### What you are asked to do
Each entry should be transcribed exactly as written, and any picture left out.

### Listed entries
* * * * * * *

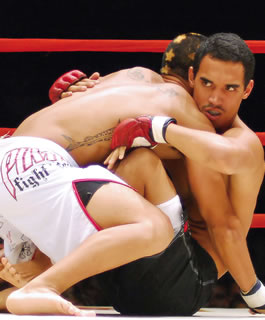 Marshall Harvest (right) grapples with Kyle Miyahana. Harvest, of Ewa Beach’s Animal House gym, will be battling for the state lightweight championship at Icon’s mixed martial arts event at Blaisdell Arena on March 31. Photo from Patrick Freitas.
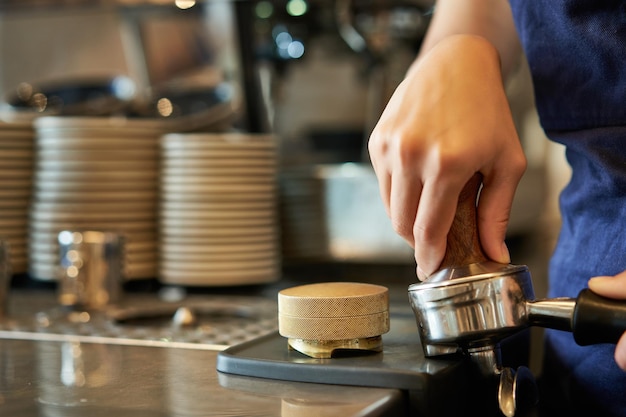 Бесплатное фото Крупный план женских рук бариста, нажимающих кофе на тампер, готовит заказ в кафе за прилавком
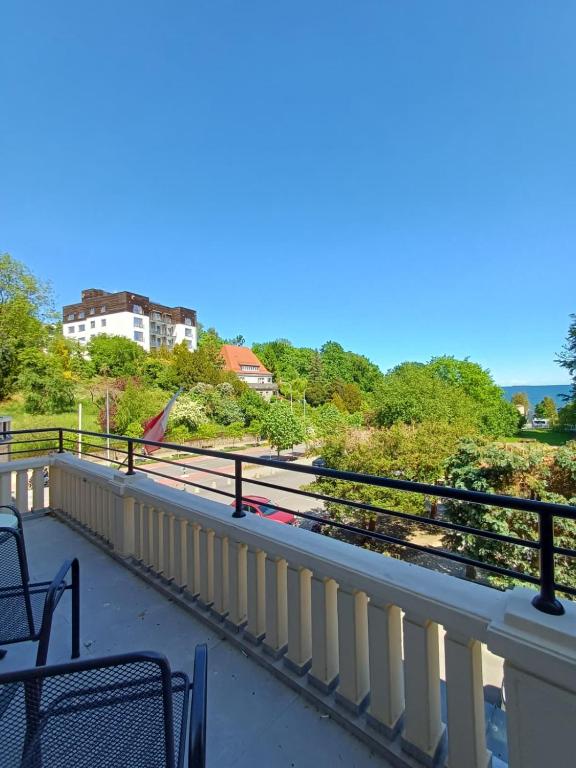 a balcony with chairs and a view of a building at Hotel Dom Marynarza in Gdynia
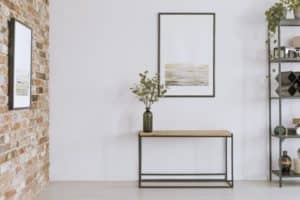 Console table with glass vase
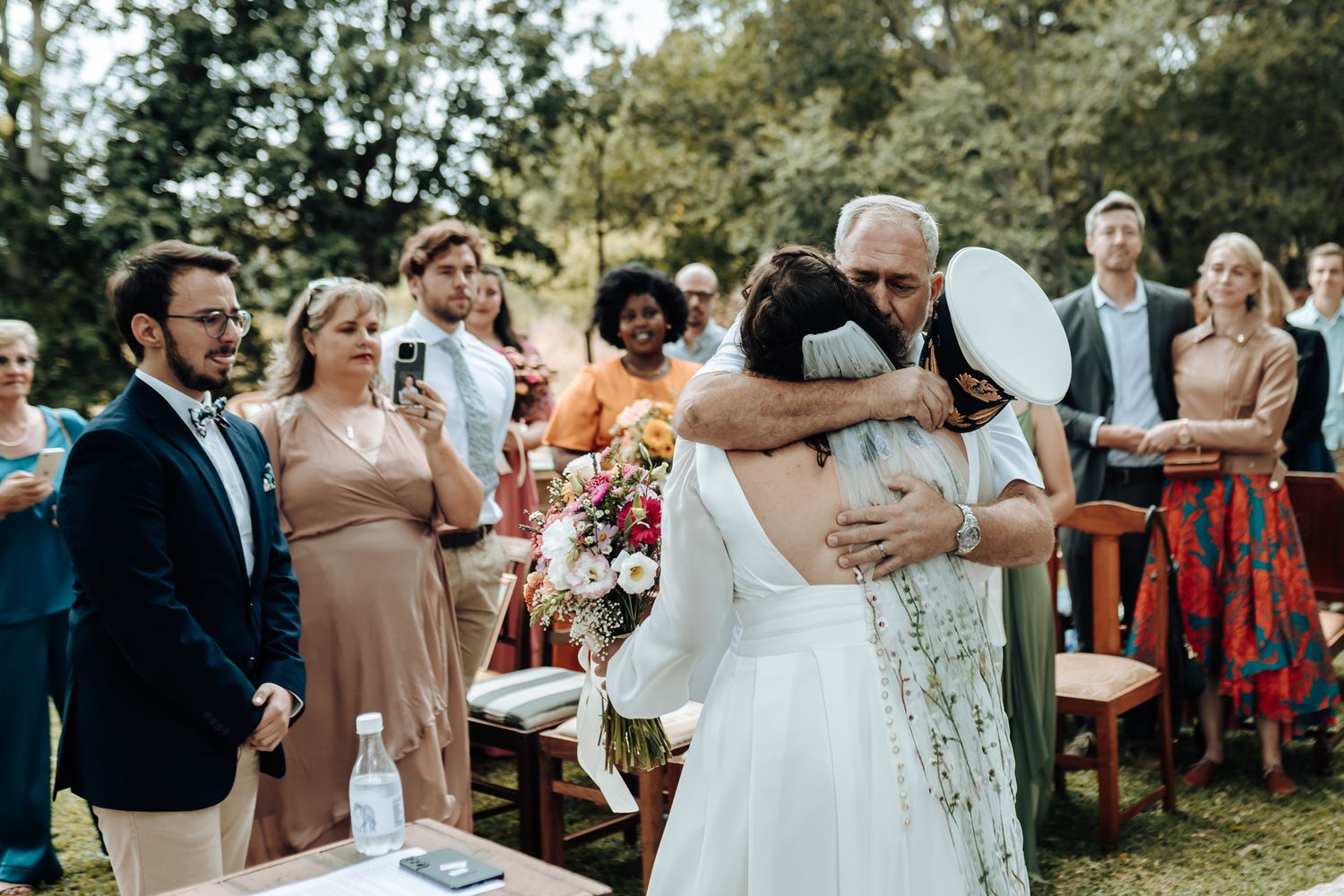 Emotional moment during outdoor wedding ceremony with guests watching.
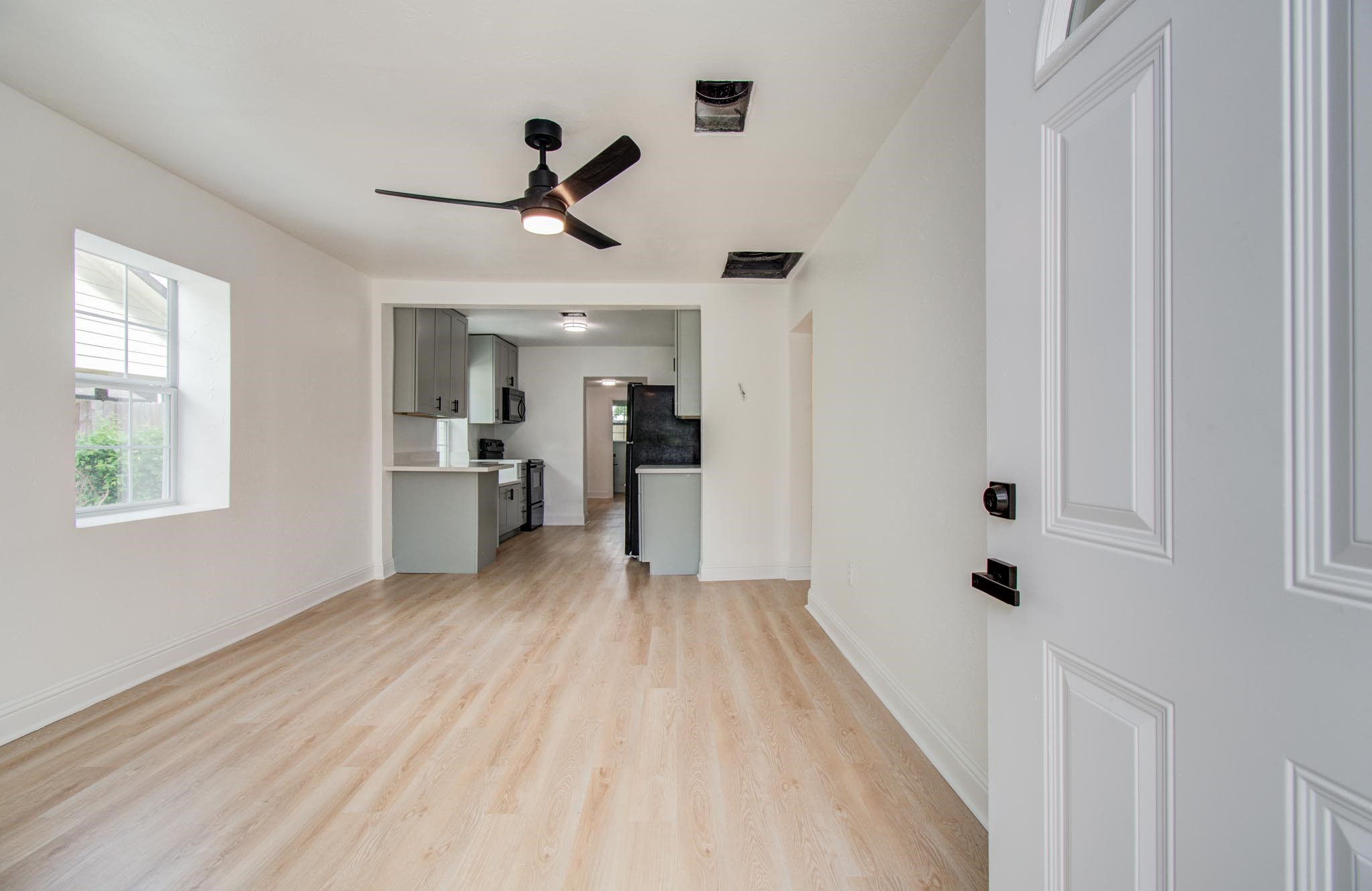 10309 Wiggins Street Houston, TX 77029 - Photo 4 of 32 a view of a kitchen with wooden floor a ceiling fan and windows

* * * * * * *

### Task output
 Marshall Harvest (right) grapples with Kyle Miyahana. Harvest, of Ewa Beach’s Animal House gym, will be battling for the state lightweight championship at Icon’s mixed martial arts event at Blaisdell Arena on March 31. Photo from Patrick Freitas.
 Бесплатное фото Крупный план женских рук бариста, нажимающих кофе на тампер, готовит заказ в кафе за прилавком
 a balcony with chairs and a view of a building at Hotel Dom Marynarza in Gdynia
 Console table with glass vase
 Emotional moment during outdoor wedding ceremony with guests watching.
 10309 Wiggins Street Houston, TX 77029 - Photo 4 of 32 a view of a kitchen with wooden floor a ceiling fan and windows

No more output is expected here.